La storia comincia nel 1879, anno di nascita di Pogolotti, e prosegue fino ad oggi quando grazie all’interessamento della Regione Piemonte si riscopre la valenza del quartiere Pogolotti dell’Avana. Come per uno scherzo del destino, la rivalutazione di Pogolotti passa attraverso il figlio Marcelo, noto pittore, che nei suoi diari parla del padre. Un imprenditore nato, Dino Pogolotti: arrivato a New York nel 1895, lavora come cameriere e come facchino, poi si improvvisa docente di francese e così incontra l’allieva che diventerà sua moglie, Grace, di buona famiglia e con ottimi contatti sociali. Da lì a segretario del console americano a Cuba, nei giorni appena successivi alla nascita della Repubblica, il passo è breve.


Ma le doti imprenditoriali di Pogolotti si rivelano quando comincia ad interessarsi di edilizia. Compra a prezzo ridicolo un vasto appezzamento di terreno a ovest della capitale, produce da sé i laterizi, ha diverse imprese di costruzione. Propone al governo la costruzione di un barrio, un quartiere, per i più poveri, che potranno riscattare la propria abitazione, e nasce così il quartiere che porta il suo nome, squadrato, tipicamente piemontese, con casette piccole ma funzionali e diversi spazi sociali. Un imprenditore molto dedito al lavoro, austero quasi, ma con un occhio rivolto al sociale, alle fasce di popolazione più povera che arrivavano nella capitale da tutta Cuba, con tante speranze e poche prospettive reali. Il quartiere Pogolotti, grazie alla sua posizione particolare, un po’ isolata dal resto della città, è sempre stato molto unito e solidale al suo interno, come una piccola città. Ancora oggi si festeggia, a febbraio, la nascita del barrio, che risale al 24 febbraio 1911, quando furono sorteggiati i nomi dei futuri proprietari delle case. A soli 50 anni Pogolotti, che nel frattempo si era lanciato in altre imprese industriali, si ammalò e volle tornare a Giaveno, in borgata Baronera, dove morì nel 1923.

Oggi un progetto dell’Università di Torino grazie al Comitato Unicuba, ha prodotto una ricerca sul barrio e sul suo fondatore, che ha dato vita anche a un volume da cui sono tratte le notizie e le foto riportate “Dino Pogolotti, un piemontese all’Avana”, Blu edizioni, che si può chiedere in Regione.

  

LA MASCHERA DI FERRO, ENIGMA IRRISOLTO

Lo scrittore giavenese Mauro Minola ha presentato venerdì 2 aprile  il suo ultimo libro “La vera storia della Maschera di Ferro”, scritto in collaborazione con l’antropologo Massimo Centini e pubblicato dalla casa editrice Susalibri di Sant’Ambrogio (www.susalibri.it).

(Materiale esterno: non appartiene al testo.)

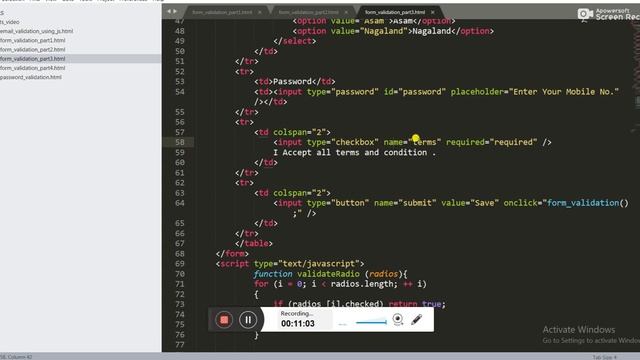 Form Validation using Form Element ID with pure js | Hindi Explanation смотреть онлайн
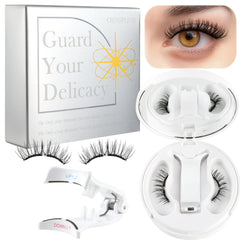 Chensplend magnetic eyelashes with applicator demonstrate glue-free application for daily wear.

La presentazione si è tenuta nei locali della nuova sede del Cai in piazza Colombatti, ed è stata organizzata dal Cai, dalla biblioteca comunale e dalla libreria “L’isola del libro”.

Nel discorso di presentazione, Minola ha sottolineato come la ricerca storica è stata condotta secondo lo schema dell’indagine poliziesca, che è un po’ la novità nell’ambito di un tema affrontato già da parecchi autori. “Pensate che è il secondo argomento preferito dagli storici francesi, dopo Napoleone”, dice Minola. Il primo a parlare della maschera di ferro (che in realtà era di velluto) fu il filosofo Voltaire, che utilizzò l’argomento contro la monarchia assolutista. Egli conobbe la maschera di ferro nel carcere della Bastiglia, ultima prigione per colui che, tra le ipotesi più probabili, era un gemello o un fratello mulatto del re Luigi XIV. La madre Anna d’Austria aveva in effetti avuto una figlia mulatta che fu rinchiusa in un convento dove veniva trattata con tutti gli onori.

Secondo Minola, era comunque frequente all’epoca dei fatti (fine del XVII secolo) che i prigionieri venissero mascherati; ciò che contraddistingue questa storia è però la probabile origine nobile del recluso, sottoposto a regimi di massima sicurezza, ma non ucciso perché poteva tornare utile.

La presentazione è stata particolarmente interessante anche perché parte della storia si svolge in luoghi a noi vicini, Pinerolo ed Exilles, nei cui forti fu recluso il misterioso prigioniero.